Он отправляется обедать в Большой дом к сквайру Дейлу.
«Когда Крозби поднялся в спальню, чтобы переодеться к обеду, его охватила та тоскливая грусть, о которой я уже упоминал. Неужели он должен бесповоротно погубить все то, чего достиг за последние годы своей до сих пор успешной карьеры? А вернее, – спросил он себя по‑иному, – разве этот успех уже не погублен? Его брак с Лили, сулит ли он радость или горе, уже решен, и никаких сомнений быть не может. Надо отдать Крозби должное: в эти минуты горечи он все‑таки старался думать только о Лили, о том, какое сокровище будет ему принадлежать и возместит (или, во всяком случае, должно возместить) все потери. Но горечь не рассеивается. Он должен отказаться от своих клубов, от привычки модно одеваться, от всего, чего он успел достичь, и довольствоваться тихой будничной семейной жизнью на восемьсот фунтов в год в каком‑нибудь тесном домишке, полном малолетних ребятишек. Не для такого Эдема он себя готовил! Лили мила, очень мила. Он твердил себе, что она „в тысячу раз милее всех известных ему девушек“. И как бы все ни обернулось дальше, с этих пор он обязан в первую очередь заботиться о ее счастье, ну, а его собственное… он начинал опасаться, что потеряет больше, чем получит. „Сам виноват! – сказал он себе, намереваясь благородно завершить свой монолог. – Я готовил себя для другого… и очень глупо. Конечно, я буду страдать, адски страдать, но об этом никто никогда не узнает. Любимое, нежное, невинное, прелестное создание!“»[16]

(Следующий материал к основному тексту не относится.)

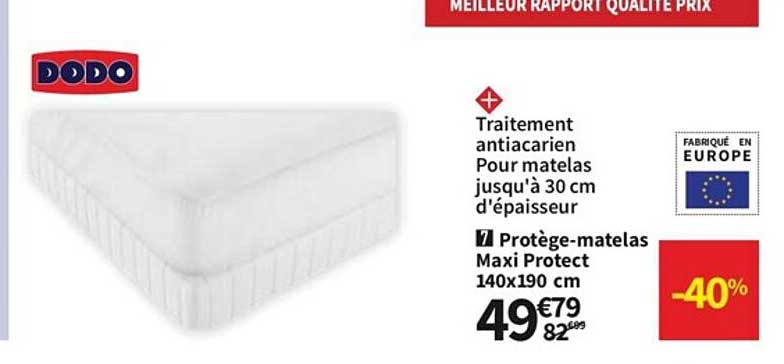 protège-matelas maxi protect dodo 140 x 190 cm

Из Оллингтона он едет в замок де Курси. Де Курси принадлежат к самым себялюбивым аристократам Троллопа. Они пользуются определенным влиянием. И у них есть несколько незамужних дочерей. Александрине, младшей, под тридцать – она примерно на год старше Крозби. Крозби наслаждается своим пребыванием в графском замке и в первый же день в разговоре с одним из сыновей де Курси отмалчивается, хотя прямо и не отрицает слухов о том, что он недавно обручился.
«Отрицать! Ну, а то, что он был бы рад такой возможности, что ему в голову пришла подобная ложь и он даже взвешивал подобный подлый, трусливый поступок? Не далее как утром он прижимал к сердцу эту юную девушку. Он дал ей клятву верности и поклялся про себя, что никогда не даст ей повода усомниться в нем. Наедине с собой он торжественно признал, что на радость и на горе связан с ней нерушимыми узами. Так неужели он уже обдумывает, не разумнее ли будет отречься от нее? Ведь тогда он должен был бы сказать себе, что он негодяй! Но в действительности он ничего подобного не обдумывал. Его целью было уклониться от прямого ответа, а если бы это оказалось невозможным, то подыскать ответ, который отвел бы подозрения. У него не мелькнуло намерения смело заявить графине, что это пустые слухи, что между ним и Лили Дейл ничего нет. Но может быть, ему удастся ловко отшутиться от этой темы даже в присутствии леди Джулии? Ведь так всегда предпочитают поступать обрученные мужчины, так почему же ему нельзя? Как‑то само собой разумелось, что чувства престарелой девицы надо щадить и счастливому жениху не следует говорить при ней о своей помолвке. Тут он вспомнил, с какой свободой и непринужденностью его предложение обсуждалось всеми оллингтонскими соседями, и впервые почувствовал, что Дейлы, настолько забыв о сдержанности, были почти неделикатны. „Наверное, это было проделано для того, чтобы крепче меня связать, – сказал он себе, расправляя концы пышного галстука. – Как глупо было приезжать сюда, да и вообще гостить где бы то ни было, раз я уж поставил себя в такое положение“. И он спустился в гостиную»[17].